This morning we had the lab
session; I had the students write from scratch a cross-validation code for model comparison. The model and optimizer we were using were not so good, so some of the code didn't work very well, but I learned a lot. I hope the students learned something. We tried to figure out if HD104067 has one companion or two. It was a pleasure to have Robert Lupton (Princeton) in the room, as he was tough on my code and also interjected some very useful stuff. Just before the lab session, Aigrain talked about Gaussian processes, showing some absolutely amazing examples from Rasmussen's book.

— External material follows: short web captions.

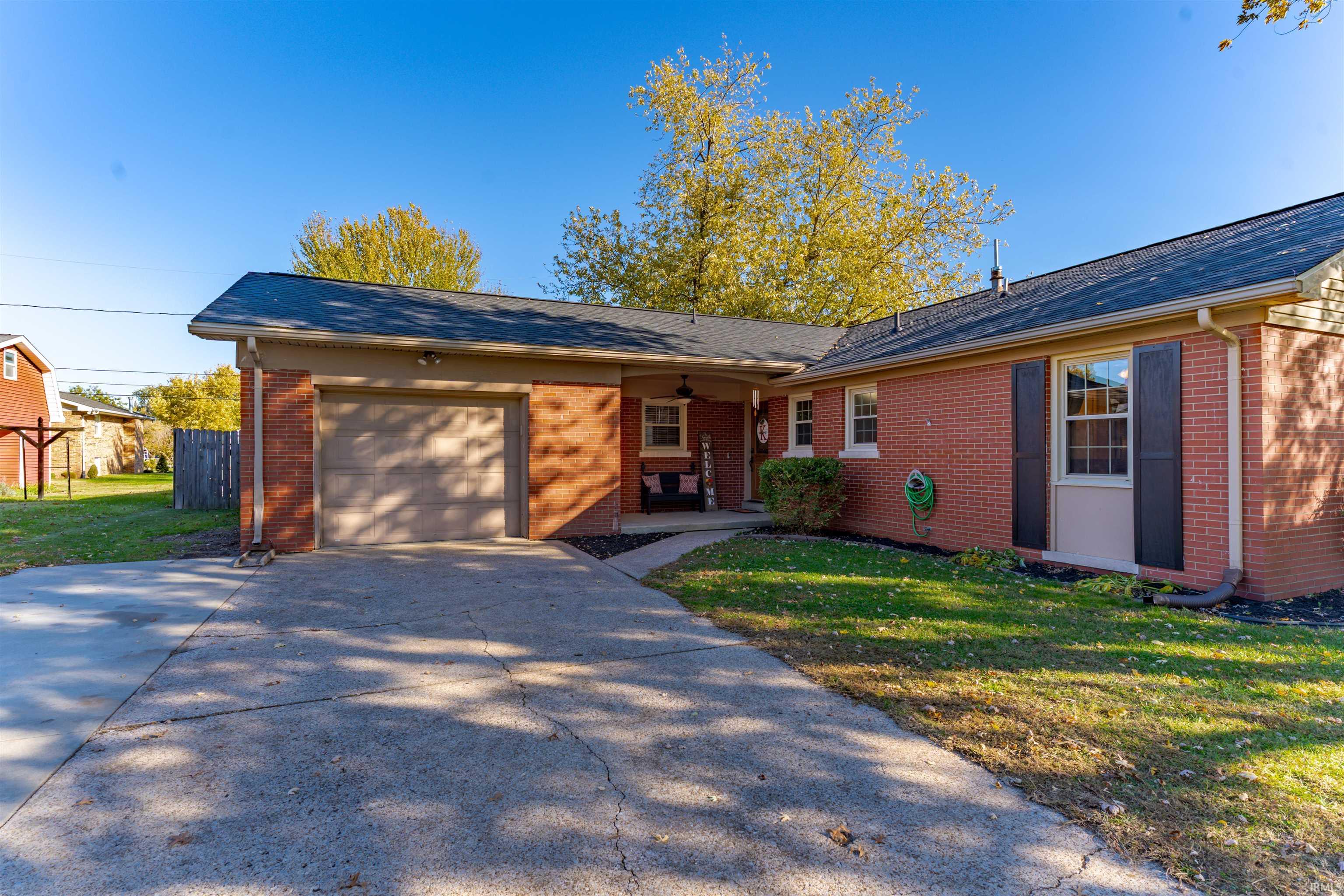 1606 Robin Lane Mount Vernon, IN 47620 - Photo 4 of 32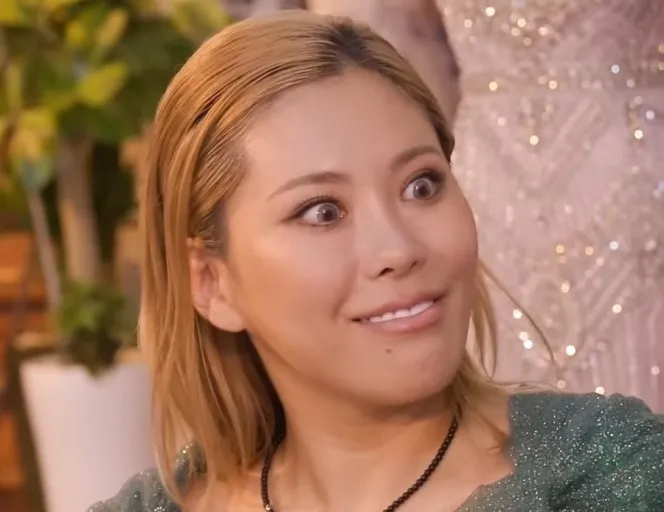잡도리2 가비 라치카 광기 눈부라림 째려봄 무서움 기싸움 쎈언니 잡도리 표정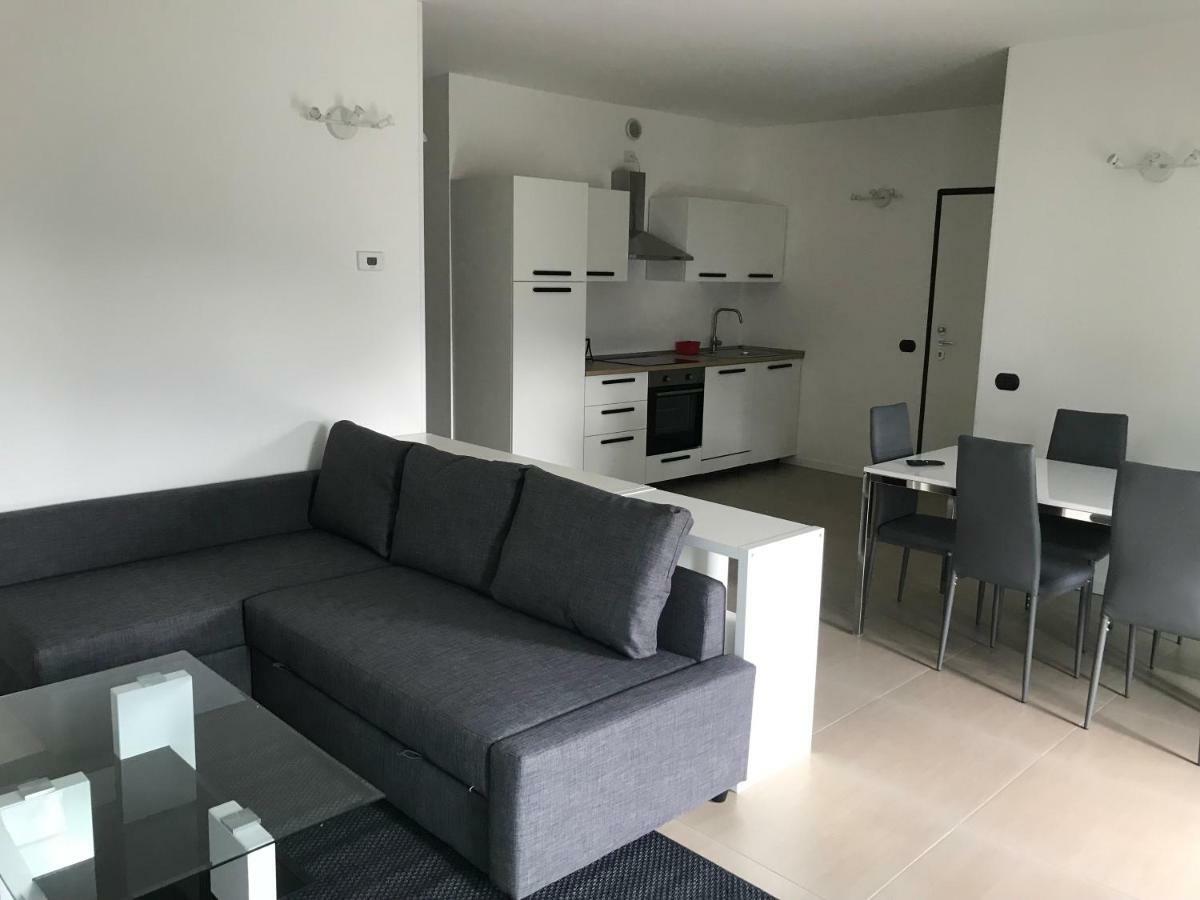 دومازو Hotel Residence Alessandra المظهر الخارجي الصورة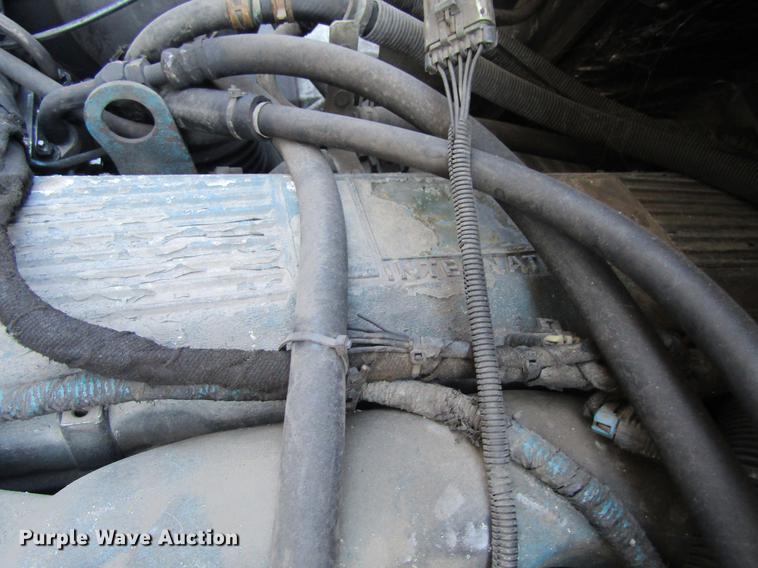 image for item EU9524 2006 International 7400 refuse truck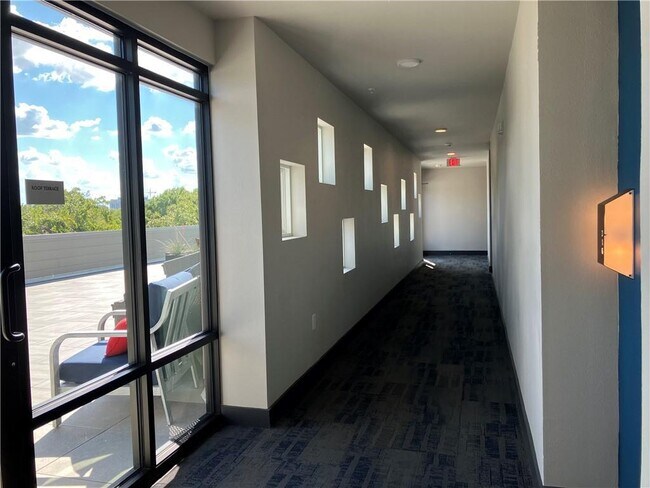 Building Photo - 2213 Poquito St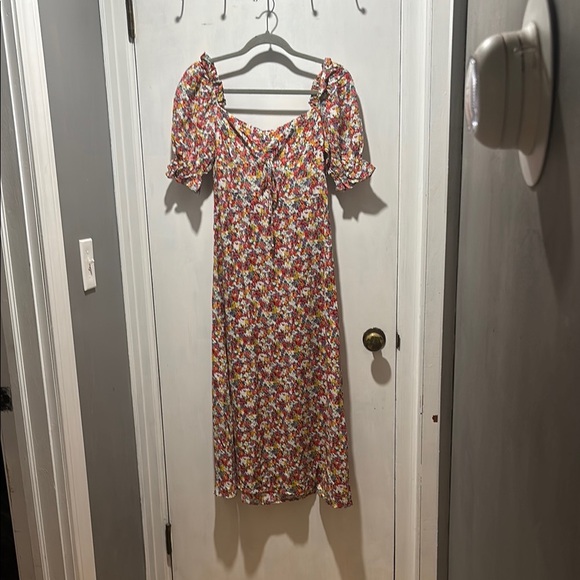 New FAITHFULL THE BRAND Lennox floral midi dress - Picture 1 of 9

In the afternoon, there were many excellent talks; too many to mention individually. One highlight was Kitaura (Garching), who is very close to achieving the goal I have of performing properly marginalized measures of cosmological density fields. He might be able to take us away from point estimates of the correlation function! Ascasibar (Madrid) showed a very nice visualization of the positions of galaxies (relative to one another) in spectrum space. He is using some simple tools and finding some nice structure; much of the discussion after his talk was about the possibility of finding sharper tools and maybe even more dramatic results. Matthew Graham (Caltech) gave me a shout-out about not trusting meta-data and only working at the raw pixels (when I can). Christlieb (Heidelberg) showed some astounding spectra from large surveys and discussed how hard it might be to find and understand oddities in the next generation of million-spectra surveys. He included APOGEE in his list of important new surveys, to my pleasure.
There has been a bit of Bayes vs non-Bayes arguing at the meeting, and I have tried not to enter into it. I am a Bayesian, but I am also a pragmatist (and I am also willing to concede that its subjectivity is an issue for many, and not unreasonably). In the long run, we should be optimizing our long-term future discounted free cash flow.